Exercise directions
Please copy the records exactly as they appear, with all pictures left out.

(Scraped caption text data)

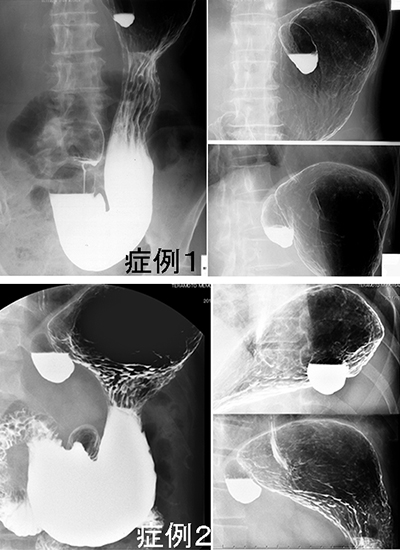 胃カメラで診断できる病気紹介西宮で『胃カメラ』なら ほその内科 おなかクリニック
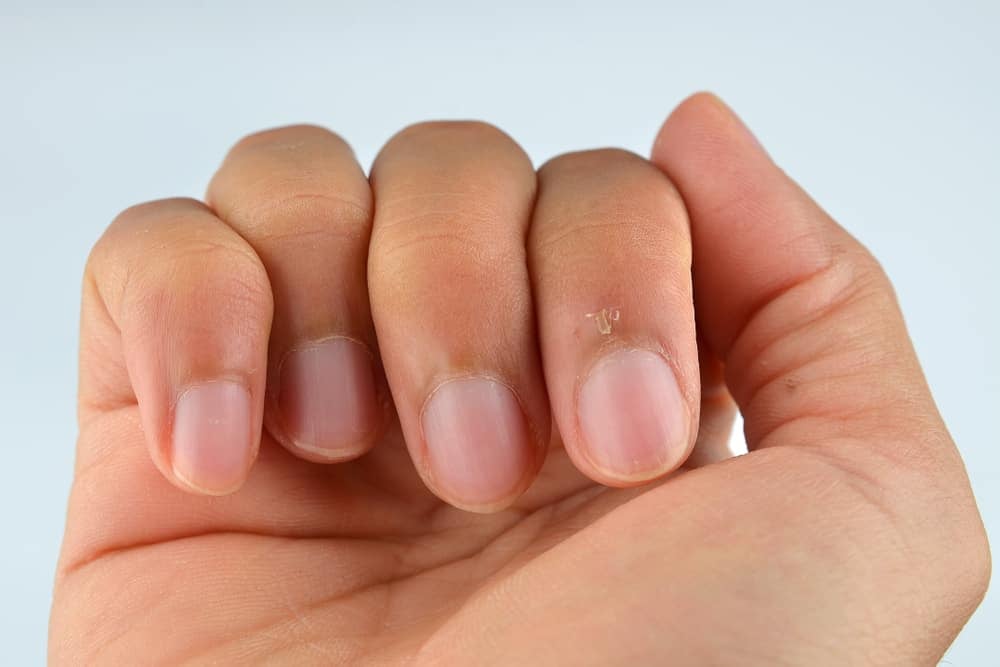 कहीं अनहेल्दी नाखूनों का कारण 'हैंगनेल' तो नहीं?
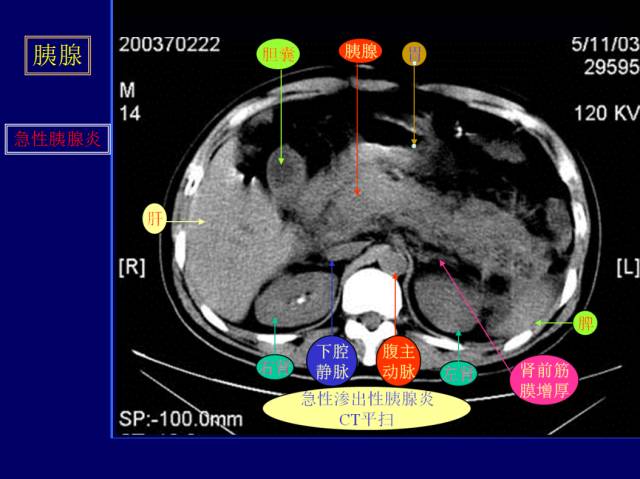 【PPT】常见肝胆胰腺疾病的CT(全)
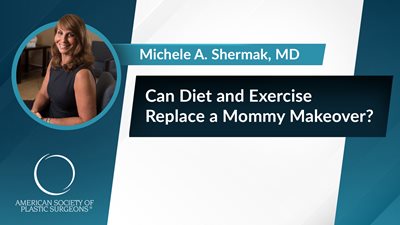Can Diet and Exercise Replace a Mommy Makeover?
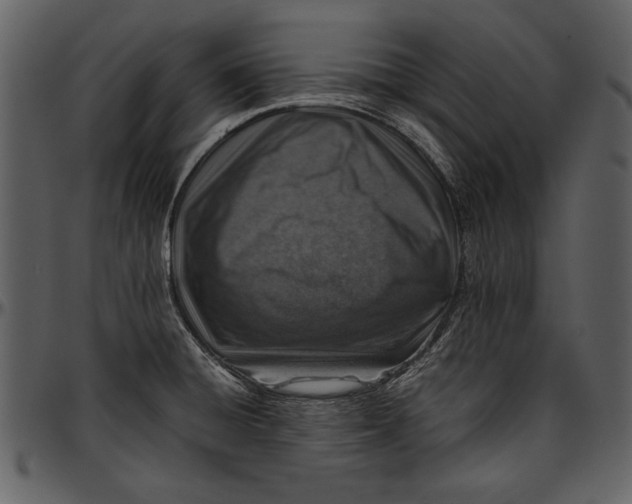 X0000096941428200802291022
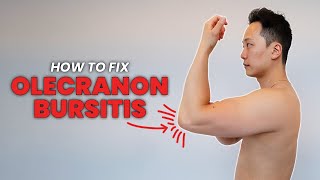 How to do exercises for Olecranon Bursitis  One cause of elbow pain in the triceps region [upl. by Ahsias]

Result below
 胃カメラで診断できる病気紹介西宮で『胃カメラ』なら ほその内科 おなかクリニック
 कहीं अनहेल्दी नाखूनों का कारण 'हैंगनेल' तो नहीं?
 【PPT】常见肝胆胰腺疾病的CT(全)
Can Diet and Exercise Replace a Mommy Makeover?
 X0000096941428200802291022
 How to do exercises for Olecranon Bursitis  One cause of elbow pain in the triceps region [upl. by Ahsias]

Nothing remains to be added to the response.